Depends on your photographic needs, this (Nikon version) lens is great for all around sports actions. Outdoors, it is a backup to my 30mm f2.8. Indoors, I like its flexibility as my primary lens with a 85mm as a backup.


----------



## IlyaN (Mar 6, 2006)

chicagofan00 said:


> I currently have the 70-300 but ever since I got the 24-70mm f2.8L, I've had the bug to upgrade my telephoto lens to some L glass. :eeps:
> 
> After reading some more reviews, I'm even considering the 70-200mm f/4L as well. I keep hearing how that was the sharpest lens of the 70-200mm bunch. At least until the new 70-200mm f/2.8 came out recently. I'm just afraid that if I were to go with the f/4 I would later regret not getting the f/2.8.
> 
> Decisions, decisions. Thanks for the feedback everyone!
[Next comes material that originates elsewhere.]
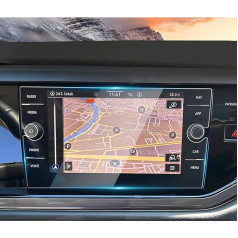 YEE PIN 8 Inch Compatible with V W Taigo 2022 2023 Screen Protector Navigation Protective Film GPS Navigation Film 9H Hardened Taigo 2022 Protection Scratch Resistant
I'm in exactly the same sittuation as you (was at least a few years back). I now have a 7D and 24-70 f/2.8L and I have a 70-200 f/2.8L IS.

I was also considering an f/4, but as good as the deal may sound... 2.8 wins hands down. Also remember, loosing two f-stops is a big deal when you shoot at 200mm  smallest shake at lower speeds and IS won't help, so there's a huge difference between 2.8 and 4.

As of the newer version... IMHO I wouldn't go for it with that price difference. Especially, after using my 2.8L for a few years now and knowing what it can do, I doubt IS II will do a much better job.

In any case, if you get one of those, you will NOT regret and every shot will make you happy. I used to have 70-300 before getting the L and what a difference!!!

Good Luck! :thumbup:


----------